Task prompt: Go to the line holding "Allen-bradley Kinetix 5500" in the entries below and write out exactly every line down to and including the line holding "方聚民宿 Lobby, reading".

Entries shown:
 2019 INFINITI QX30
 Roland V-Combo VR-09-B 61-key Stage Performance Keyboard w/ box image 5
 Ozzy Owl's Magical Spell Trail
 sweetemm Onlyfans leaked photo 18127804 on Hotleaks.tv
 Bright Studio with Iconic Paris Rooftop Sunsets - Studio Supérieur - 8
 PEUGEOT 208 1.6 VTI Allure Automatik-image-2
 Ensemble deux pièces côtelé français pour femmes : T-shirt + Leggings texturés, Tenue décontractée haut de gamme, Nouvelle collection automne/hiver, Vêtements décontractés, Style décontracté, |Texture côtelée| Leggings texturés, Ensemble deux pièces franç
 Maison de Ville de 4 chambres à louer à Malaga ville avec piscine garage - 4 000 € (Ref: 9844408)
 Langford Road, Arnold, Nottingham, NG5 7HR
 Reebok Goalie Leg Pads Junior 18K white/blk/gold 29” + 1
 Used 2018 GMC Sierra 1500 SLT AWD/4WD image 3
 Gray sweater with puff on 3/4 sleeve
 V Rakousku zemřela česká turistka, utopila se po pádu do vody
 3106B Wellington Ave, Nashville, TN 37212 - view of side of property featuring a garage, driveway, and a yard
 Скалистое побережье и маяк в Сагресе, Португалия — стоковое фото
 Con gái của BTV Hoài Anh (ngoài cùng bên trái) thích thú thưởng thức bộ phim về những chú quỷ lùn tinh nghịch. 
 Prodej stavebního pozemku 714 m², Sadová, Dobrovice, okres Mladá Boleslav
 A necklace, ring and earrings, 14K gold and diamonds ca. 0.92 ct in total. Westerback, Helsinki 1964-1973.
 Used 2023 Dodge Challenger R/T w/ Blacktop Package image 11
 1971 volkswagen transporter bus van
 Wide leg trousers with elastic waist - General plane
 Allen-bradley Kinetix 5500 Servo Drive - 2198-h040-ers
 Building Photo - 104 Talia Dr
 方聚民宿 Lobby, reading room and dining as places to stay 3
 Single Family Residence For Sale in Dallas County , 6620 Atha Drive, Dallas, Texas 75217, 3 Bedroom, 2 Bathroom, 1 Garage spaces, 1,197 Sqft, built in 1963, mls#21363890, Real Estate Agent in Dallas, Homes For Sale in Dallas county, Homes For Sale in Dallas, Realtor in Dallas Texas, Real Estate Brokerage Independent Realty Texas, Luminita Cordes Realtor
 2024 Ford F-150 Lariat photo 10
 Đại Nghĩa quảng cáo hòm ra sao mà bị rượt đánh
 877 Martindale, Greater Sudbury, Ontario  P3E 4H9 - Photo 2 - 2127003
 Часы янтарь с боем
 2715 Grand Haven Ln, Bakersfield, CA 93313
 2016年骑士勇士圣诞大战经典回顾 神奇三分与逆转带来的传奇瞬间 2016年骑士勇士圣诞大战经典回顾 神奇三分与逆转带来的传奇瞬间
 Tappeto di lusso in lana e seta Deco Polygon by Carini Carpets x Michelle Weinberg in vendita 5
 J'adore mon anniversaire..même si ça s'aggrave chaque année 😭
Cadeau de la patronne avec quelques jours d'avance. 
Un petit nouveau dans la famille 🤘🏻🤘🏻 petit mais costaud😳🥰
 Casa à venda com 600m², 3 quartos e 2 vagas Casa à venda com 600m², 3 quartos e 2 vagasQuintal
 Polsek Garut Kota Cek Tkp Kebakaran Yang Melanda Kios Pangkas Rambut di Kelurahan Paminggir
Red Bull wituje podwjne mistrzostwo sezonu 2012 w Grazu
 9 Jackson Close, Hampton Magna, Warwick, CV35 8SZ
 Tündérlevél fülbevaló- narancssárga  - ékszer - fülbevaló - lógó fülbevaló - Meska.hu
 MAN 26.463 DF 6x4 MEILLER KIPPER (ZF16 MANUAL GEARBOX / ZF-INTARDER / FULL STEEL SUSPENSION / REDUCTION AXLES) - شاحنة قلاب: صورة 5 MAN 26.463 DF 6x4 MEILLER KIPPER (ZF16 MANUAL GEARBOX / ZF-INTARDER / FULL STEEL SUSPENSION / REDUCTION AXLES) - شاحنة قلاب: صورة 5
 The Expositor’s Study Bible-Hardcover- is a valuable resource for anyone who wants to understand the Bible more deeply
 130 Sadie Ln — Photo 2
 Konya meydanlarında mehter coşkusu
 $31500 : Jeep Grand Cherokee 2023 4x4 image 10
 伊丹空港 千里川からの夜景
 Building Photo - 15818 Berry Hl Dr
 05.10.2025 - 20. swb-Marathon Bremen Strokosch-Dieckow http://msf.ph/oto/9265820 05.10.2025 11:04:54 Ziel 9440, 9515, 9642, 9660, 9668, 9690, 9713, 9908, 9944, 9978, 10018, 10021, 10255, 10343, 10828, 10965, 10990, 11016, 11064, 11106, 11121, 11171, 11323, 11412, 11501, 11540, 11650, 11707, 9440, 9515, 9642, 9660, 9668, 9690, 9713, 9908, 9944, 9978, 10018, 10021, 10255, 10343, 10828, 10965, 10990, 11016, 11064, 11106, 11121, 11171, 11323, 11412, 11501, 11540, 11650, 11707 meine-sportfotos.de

Final answer:
 Allen-bradley Kinetix 5500 Servo Drive - 2198-h040-ers
 Building Photo - 104 Talia Dr
 方聚民宿 Lobby, reading room and dining as places to stay 3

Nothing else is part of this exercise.